**RECORDS TO USE:**
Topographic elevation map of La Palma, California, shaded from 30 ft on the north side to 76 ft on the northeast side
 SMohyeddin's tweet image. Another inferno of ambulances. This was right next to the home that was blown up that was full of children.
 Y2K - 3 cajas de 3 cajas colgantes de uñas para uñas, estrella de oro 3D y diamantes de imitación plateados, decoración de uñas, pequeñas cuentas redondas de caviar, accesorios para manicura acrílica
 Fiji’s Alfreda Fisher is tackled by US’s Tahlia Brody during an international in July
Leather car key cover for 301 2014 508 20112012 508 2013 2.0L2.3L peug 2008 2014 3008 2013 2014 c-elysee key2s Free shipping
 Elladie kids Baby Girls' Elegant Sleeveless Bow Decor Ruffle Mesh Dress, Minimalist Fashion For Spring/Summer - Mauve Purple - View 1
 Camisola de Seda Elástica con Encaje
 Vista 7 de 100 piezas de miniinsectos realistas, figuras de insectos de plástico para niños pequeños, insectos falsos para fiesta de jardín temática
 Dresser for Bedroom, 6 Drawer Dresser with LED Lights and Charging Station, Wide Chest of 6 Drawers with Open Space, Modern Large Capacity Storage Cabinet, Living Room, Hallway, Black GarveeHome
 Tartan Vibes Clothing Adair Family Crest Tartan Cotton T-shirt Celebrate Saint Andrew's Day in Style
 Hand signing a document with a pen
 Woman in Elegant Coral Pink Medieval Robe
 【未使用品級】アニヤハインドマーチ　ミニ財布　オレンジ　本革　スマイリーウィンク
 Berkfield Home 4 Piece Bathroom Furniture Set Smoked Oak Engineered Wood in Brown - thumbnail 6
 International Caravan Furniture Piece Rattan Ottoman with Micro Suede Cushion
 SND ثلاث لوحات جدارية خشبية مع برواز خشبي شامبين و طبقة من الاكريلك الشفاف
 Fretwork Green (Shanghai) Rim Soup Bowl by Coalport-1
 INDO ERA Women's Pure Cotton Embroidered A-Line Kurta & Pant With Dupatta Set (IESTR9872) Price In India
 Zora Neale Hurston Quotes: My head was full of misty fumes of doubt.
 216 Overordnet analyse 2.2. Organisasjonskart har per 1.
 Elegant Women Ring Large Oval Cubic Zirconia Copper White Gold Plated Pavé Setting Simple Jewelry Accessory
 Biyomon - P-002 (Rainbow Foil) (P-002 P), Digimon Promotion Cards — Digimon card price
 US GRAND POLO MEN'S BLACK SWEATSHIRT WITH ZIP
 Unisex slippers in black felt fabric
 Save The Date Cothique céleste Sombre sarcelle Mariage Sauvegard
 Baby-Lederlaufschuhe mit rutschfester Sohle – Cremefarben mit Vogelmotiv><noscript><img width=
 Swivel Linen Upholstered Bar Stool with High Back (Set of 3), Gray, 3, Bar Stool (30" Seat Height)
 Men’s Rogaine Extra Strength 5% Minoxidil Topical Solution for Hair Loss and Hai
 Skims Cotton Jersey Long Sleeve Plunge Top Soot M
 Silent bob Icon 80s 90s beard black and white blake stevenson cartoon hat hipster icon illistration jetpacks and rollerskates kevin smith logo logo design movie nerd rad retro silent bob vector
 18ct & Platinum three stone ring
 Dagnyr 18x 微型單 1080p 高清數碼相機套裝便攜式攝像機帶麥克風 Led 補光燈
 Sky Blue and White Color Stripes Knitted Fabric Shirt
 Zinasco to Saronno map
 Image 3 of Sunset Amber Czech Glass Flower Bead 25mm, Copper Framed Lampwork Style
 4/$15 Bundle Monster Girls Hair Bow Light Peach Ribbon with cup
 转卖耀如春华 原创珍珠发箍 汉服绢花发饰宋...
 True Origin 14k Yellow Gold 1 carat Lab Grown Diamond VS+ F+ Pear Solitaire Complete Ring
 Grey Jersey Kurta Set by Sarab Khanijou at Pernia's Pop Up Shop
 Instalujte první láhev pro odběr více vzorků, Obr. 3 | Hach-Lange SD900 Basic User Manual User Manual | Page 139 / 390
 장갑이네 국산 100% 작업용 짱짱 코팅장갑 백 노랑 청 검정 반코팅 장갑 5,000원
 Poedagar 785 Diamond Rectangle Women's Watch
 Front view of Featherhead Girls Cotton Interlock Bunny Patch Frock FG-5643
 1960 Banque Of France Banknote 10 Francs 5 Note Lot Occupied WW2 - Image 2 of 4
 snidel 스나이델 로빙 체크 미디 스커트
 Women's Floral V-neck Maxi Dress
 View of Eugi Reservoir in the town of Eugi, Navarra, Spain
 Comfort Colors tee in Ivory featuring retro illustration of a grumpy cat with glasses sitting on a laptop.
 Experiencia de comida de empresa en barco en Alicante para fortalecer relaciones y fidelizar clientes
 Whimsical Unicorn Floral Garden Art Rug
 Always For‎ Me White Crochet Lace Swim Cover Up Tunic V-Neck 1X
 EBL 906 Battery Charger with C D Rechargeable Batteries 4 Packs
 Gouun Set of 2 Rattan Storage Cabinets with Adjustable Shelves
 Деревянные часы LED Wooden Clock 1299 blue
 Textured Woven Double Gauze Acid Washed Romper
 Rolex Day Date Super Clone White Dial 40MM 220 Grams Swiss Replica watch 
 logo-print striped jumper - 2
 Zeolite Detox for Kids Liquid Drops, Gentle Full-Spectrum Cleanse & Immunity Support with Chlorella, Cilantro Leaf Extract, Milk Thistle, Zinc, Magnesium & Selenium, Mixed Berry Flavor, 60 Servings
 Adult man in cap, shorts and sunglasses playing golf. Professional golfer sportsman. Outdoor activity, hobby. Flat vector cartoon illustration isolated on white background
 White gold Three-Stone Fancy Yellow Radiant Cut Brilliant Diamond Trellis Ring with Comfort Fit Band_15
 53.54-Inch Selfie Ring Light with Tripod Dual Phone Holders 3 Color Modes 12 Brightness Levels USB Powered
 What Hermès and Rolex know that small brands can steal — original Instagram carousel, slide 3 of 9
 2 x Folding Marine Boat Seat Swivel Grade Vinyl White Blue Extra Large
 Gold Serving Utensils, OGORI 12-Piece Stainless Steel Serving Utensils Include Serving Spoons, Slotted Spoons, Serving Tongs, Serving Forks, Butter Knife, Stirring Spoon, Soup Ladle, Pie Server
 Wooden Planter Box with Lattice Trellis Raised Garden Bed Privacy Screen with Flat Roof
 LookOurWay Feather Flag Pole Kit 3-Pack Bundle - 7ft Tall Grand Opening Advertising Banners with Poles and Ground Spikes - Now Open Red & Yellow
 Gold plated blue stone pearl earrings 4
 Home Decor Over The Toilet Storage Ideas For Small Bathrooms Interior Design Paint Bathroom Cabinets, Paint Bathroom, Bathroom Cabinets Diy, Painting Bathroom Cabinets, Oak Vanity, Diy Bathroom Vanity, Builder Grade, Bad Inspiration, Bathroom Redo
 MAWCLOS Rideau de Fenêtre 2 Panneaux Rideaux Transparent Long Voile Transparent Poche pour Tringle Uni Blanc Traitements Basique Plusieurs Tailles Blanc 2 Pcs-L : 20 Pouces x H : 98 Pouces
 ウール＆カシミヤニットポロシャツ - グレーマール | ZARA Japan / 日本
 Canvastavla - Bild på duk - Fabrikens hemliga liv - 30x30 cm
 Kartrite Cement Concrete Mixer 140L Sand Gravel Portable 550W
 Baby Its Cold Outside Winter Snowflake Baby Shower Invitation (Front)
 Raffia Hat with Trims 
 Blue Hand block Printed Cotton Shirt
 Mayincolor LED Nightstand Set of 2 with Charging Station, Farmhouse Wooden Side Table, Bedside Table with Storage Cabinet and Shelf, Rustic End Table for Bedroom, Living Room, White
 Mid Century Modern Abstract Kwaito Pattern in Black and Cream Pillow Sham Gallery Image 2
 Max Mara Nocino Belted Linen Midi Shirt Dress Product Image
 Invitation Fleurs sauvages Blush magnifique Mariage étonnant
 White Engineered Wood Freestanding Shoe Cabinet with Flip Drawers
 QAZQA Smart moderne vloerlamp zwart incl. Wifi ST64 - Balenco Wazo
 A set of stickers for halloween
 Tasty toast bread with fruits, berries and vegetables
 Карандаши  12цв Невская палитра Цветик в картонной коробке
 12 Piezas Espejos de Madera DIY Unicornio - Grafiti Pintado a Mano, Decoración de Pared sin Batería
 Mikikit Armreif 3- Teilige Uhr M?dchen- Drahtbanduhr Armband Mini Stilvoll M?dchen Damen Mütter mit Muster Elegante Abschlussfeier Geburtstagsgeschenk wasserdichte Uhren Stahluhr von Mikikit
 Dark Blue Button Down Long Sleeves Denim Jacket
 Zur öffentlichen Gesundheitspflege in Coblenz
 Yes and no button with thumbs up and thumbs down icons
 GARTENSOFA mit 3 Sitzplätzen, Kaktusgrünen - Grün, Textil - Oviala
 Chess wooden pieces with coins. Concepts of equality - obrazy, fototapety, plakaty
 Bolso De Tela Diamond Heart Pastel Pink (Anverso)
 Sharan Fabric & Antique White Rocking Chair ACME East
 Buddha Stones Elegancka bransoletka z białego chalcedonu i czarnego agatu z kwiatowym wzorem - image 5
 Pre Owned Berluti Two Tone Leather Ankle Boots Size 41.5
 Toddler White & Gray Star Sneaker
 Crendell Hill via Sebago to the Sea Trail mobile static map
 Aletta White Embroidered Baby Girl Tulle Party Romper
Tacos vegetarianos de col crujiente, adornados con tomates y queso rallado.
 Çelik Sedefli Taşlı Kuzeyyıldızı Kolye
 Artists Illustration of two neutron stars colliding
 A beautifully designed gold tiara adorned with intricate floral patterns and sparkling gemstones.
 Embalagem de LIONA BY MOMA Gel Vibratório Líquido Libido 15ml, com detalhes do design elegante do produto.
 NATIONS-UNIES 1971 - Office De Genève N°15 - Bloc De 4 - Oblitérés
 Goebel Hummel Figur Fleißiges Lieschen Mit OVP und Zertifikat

**TASK DESCRIPTION:** Every line from the line containing "Always For‎ Me" through the line containing "2 x Folding" in the records above must be retyped exactly. Leave out the rest.

**ANSWER SECTION:**
 Always For‎ Me White Crochet Lace Swim Cover Up Tunic V-Neck 1X
 EBL 906 Battery Charger with C D Rechargeable Batteries 4 Packs
 Gouun Set of 2 Rattan Storage Cabinets with Adjustable Shelves
 Деревянные часы LED Wooden Clock 1299 blue
 Textured Woven Double Gauze Acid Washed Romper
 Rolex Day Date Super Clone White Dial 40MM 220 Grams Swiss Replica watch 
 logo-print striped jumper - 2
 Zeolite Detox for Kids Liquid Drops, Gentle Full-Spectrum Cleanse & Immunity Support with Chlorella, Cilantro Leaf Extract, Milk Thistle, Zinc, Magnesium & Selenium, Mixed Berry Flavor, 60 Servings
 Adult man in cap, shorts and sunglasses playing golf. Professional golfer sportsman. Outdoor activity, hobby. Flat vector cartoon illustration isolated on white background
 White gold Three-Stone Fancy Yellow Radiant Cut Brilliant Diamond Trellis Ring with Comfort Fit Band_15
 53.54-Inch Selfie Ring Light with Tripod Dual Phone Holders 3 Color Modes 12 Brightness Levels USB Powered
 What Hermès and Rolex know that small brands can steal — original Instagram carousel, slide 3 of 9
 2 x Folding Marine Boat Seat Swivel Grade Vinyl White Blue Extra Large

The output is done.